Le potentiel de l'ADN électronique va au-delà du simple catalogage de la biodiversité. Il permet aux chercheurs d'évaluer la santé des écosystèmes et de comprendre les interactions complexes entre les espèces, notamment en ce qui concerne les maladies. Au Cambodge, par exemple, l'échantillonnage de l'ADN électronique a révélé un large éventail d'interactions hôte-parasite, ce qui permet de comprendre comment les parasites peuvent se propager dans différents contextes environnementaux.
Bien que l'IRD se concentre dans l'immédiat sur le Cambodge et quelques autres régions, son travail a des implications considérables. Pour la première fois, des régions comme le Cambodge, la Guinée et la Guadeloupe disposeront d'une évaluation complète de la diversité des parasites qu'elles hébergent, ce qui constituera une base de référence essentielle pour comprendre le risque de maladie dans ces zones.
Ces recherches ne se limitent pas à un simple aperçu académique. Les gouvernements locaux et les parties prenantes pourront utiliser ces données pour mieux gérer la santé publique et la conservation de la biodiversité. Par exemple, la présence de zones tampons autour des zones urbaines, conçues pour préserver la biodiversité, pourrait également contribuer à atténuer les risques de maladie.
« Le premier niveau d'impact est local », a souligné M. Gozlan. « Pour la première fois, des pays comme le Cambodge disposeront d'une évaluation cohérente, à l'échelle nationale, du risque de maladie lié aux parasites. Cela les aidera à mieux gérer la biodiversité et les risques sanitaires à l'avenir. »
À plus grande échelle, les résultats des travaux de l'IRD seront rendus publics, créant ainsi une base de données de séquences de parasites accessible aux scientifiques et aux responsables de la santé publique du monde entier. Cela permettra à d'autres régions de comparer leur propre biodiversité et les risques de maladie avec ceux découverts par BCOMING, faisant ainsi progresser la compréhension globale des liens entre la biodiversité, la santé humaine et l'émergence des maladies.
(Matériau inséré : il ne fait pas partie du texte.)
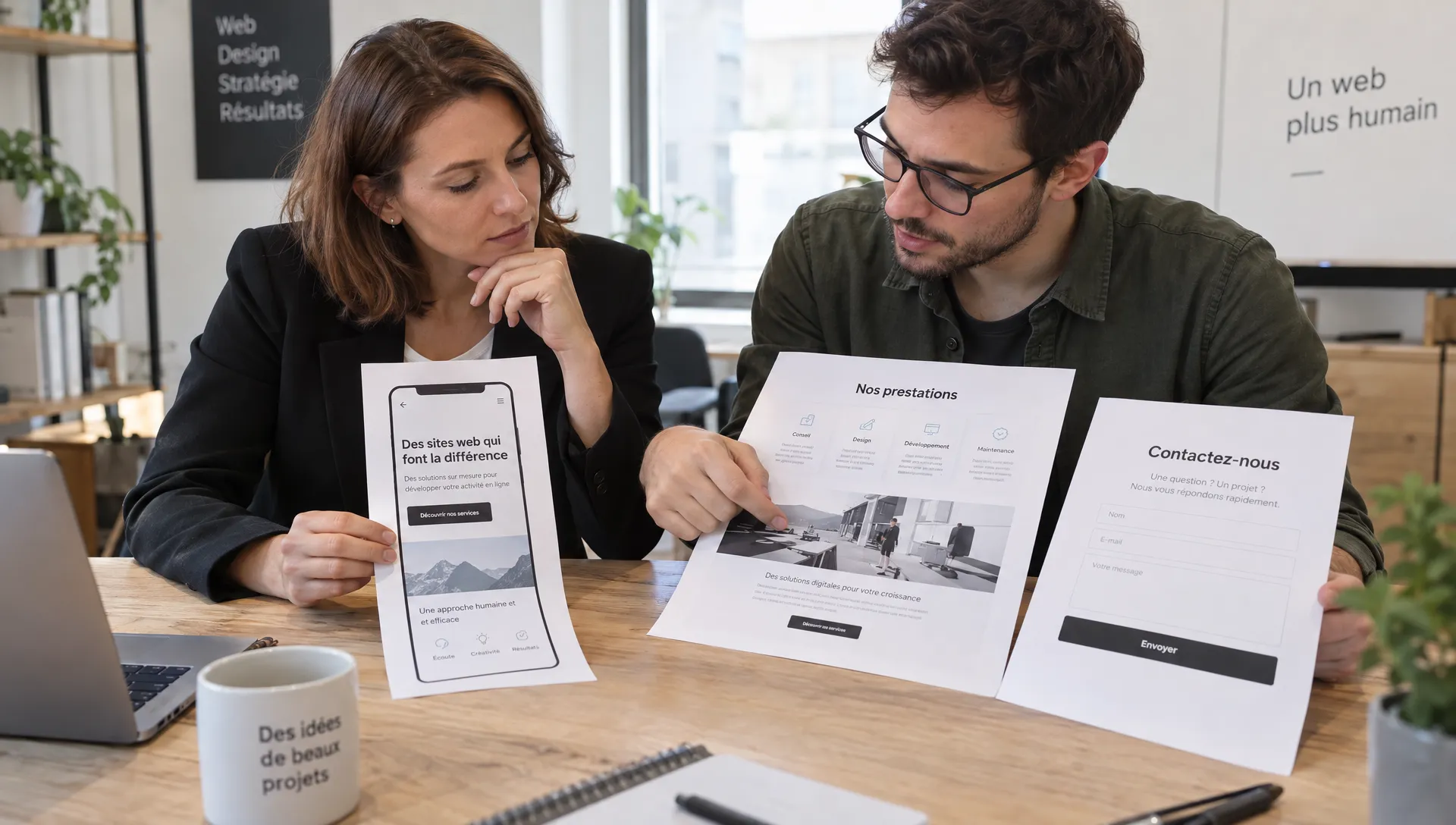 Une dirigeante et un concepteur web comparent des maquettes imprimées, dont une version mobile, une page de prestation et un formulaire de contact.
L'un des résultats les plus intéressants de cette recherche est la possibilité d'utiliser l'ADN électronique comme outil régulier de surveillance des maladies. Tout comme les villes surveillent aujourd'hui la qualité de l'eau, elles pourraient bientôt surveiller les charges parasitaires et d'autres indicateurs de risques pour la santé publique grâce à l'échantillonnage de l'ADN électronique. Cette méthode s'est déjà avérée efficace pour détecter des épidémies virales, telles que COVID-19, où la surveillance des eaux usées a permis d'alerter rapidement sur les poussées d'infection.
« Nous testons la possibilité d'intégrer l'ADN électronique dans les systèmes de surveillance habituels », explique M. Gozlan. « En cas de succès, il pourrait devenir un outil essentiel pour les décideurs politiques afin de surveiller et de prévoir les risques de maladie, non seulement dans les régions que nous étudions, mais aussi dans le monde entier. »
Alors que BCOMING se poursuit, le travail de l'IRD au Cambodge et dans d'autres régions contribue à façonner notre compréhension de la manière dont la biodiversité interagit avec le risque de maladie - et comment nous pouvons exploiter ces connaissances pour protéger à la fois les populations humaines et le monde naturel.